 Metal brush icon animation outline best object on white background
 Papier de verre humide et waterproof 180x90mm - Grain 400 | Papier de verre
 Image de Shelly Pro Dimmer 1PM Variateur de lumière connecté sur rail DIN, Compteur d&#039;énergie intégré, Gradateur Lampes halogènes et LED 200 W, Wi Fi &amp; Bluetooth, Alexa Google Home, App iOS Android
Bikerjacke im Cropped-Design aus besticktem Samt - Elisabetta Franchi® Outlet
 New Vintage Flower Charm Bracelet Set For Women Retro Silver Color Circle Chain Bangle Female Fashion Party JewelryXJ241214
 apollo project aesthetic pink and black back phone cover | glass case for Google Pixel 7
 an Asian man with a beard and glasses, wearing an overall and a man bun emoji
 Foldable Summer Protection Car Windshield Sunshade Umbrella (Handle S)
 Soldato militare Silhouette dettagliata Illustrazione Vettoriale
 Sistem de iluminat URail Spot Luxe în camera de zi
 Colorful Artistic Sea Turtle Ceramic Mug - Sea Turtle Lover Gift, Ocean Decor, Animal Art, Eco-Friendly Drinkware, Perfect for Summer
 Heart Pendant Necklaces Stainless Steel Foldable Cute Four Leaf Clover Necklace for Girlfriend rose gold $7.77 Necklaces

• [Your instructions]
If a line above holds the string "Google", return it as it stands.

• [Response to this exercise]
 Image de Shelly Pro Dimmer 1PM Variateur de lumière connecté sur rail DIN, Compteur d&#039;énergie intégré, Gradateur Lampes halogènes et LED 200 W, Wi Fi &amp; Bluetooth, Alexa Google Home, App iOS Android
 apollo project aesthetic pink and black back phone cover | glass case for Google Pixel 7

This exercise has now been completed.